§ WHAT YOU WILL DO:
To complete this task, print all the data below exactly but leave out the images.
↓↓↓
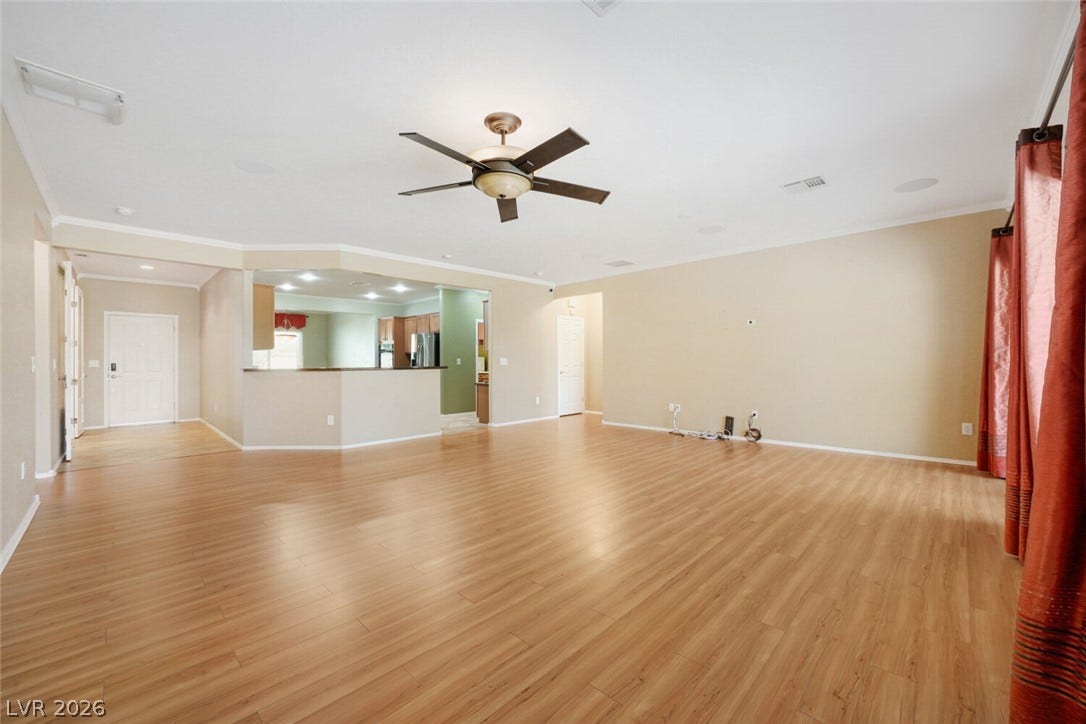 7421 Shelduck Street, North Las Vegas, NV 89084 Smooth wood floors and crown molding define this open interior space.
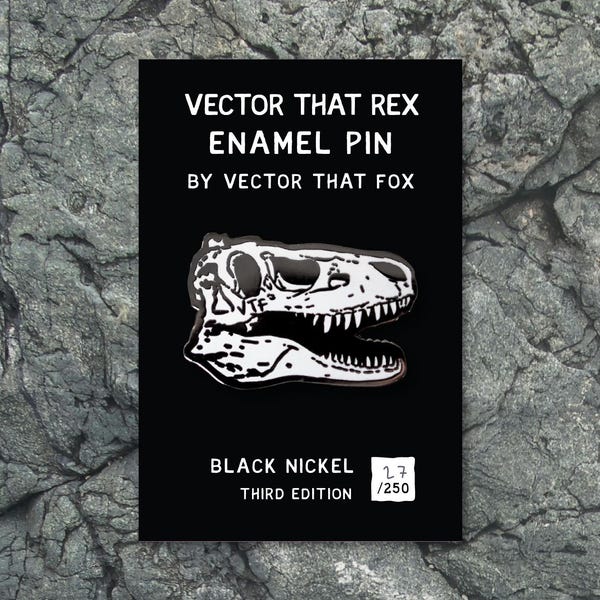 Pin de esmalte duro con forma de calavera de dinosaurio 'VECTOR THAT REX', de Vector That Fox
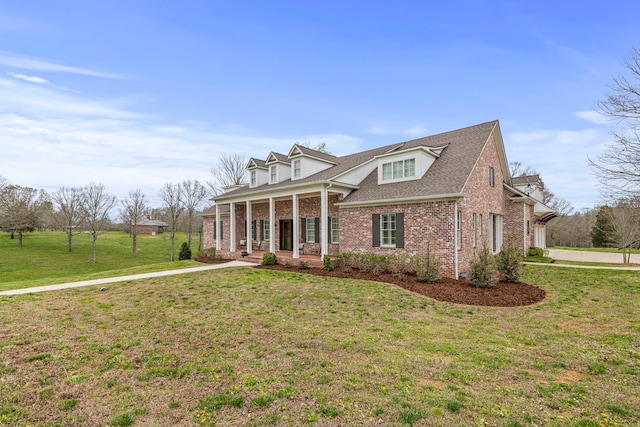 cape cod-style house with covered porch and a front lawn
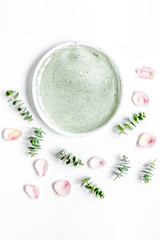 breakfast plate with petals and eucalyptus on white background t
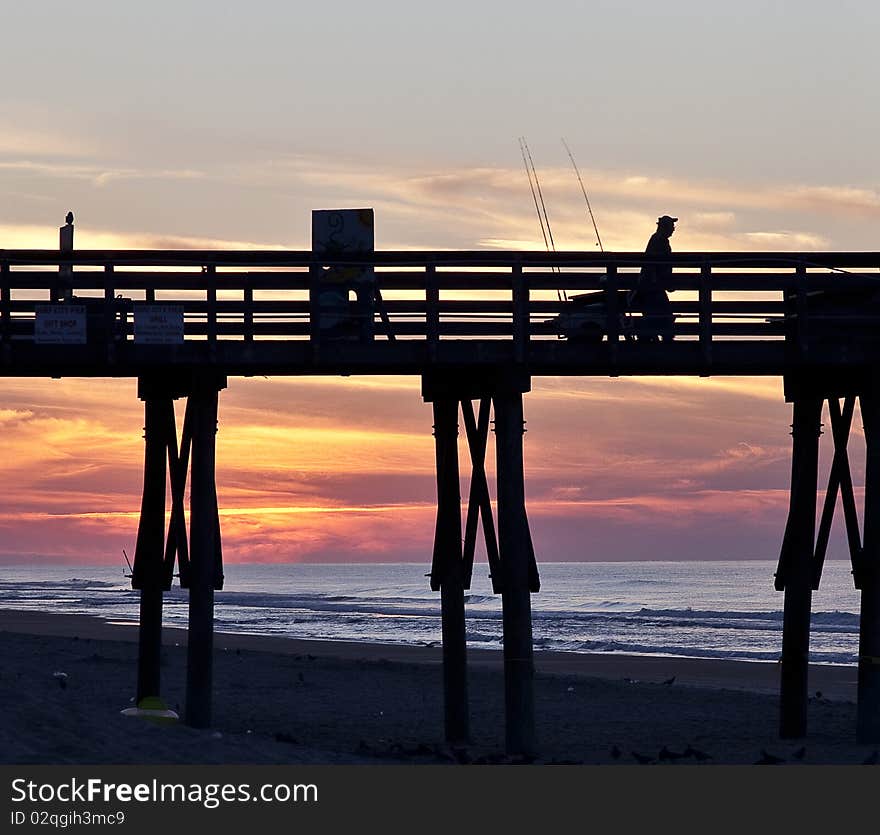 Fisherman On Pier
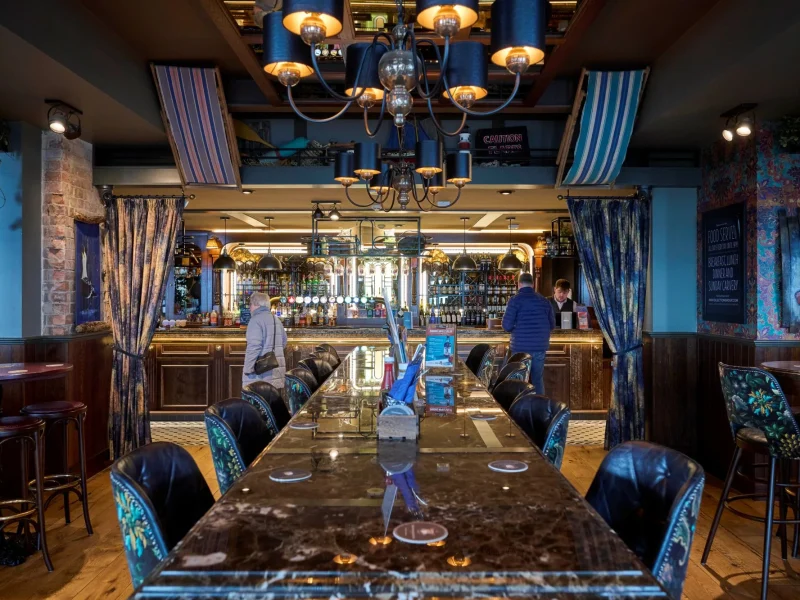 A large, dark Corian dining table with an overhead chandelier.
↑↑↑
§ WORKED SOLUTION:
 7421 Shelduck Street, North Las Vegas, NV 89084 Smooth wood floors and crown molding define this open interior space.
 Pin de esmalte duro con forma de calavera de dinosaurio 'VECTOR THAT REX', de Vector That Fox
 cape cod-style house with covered porch and a front lawn
 breakfast plate with petals and eucalyptus on white background t
 Fisherman On Pier
 A large, dark Corian dining table with an overhead chandelier.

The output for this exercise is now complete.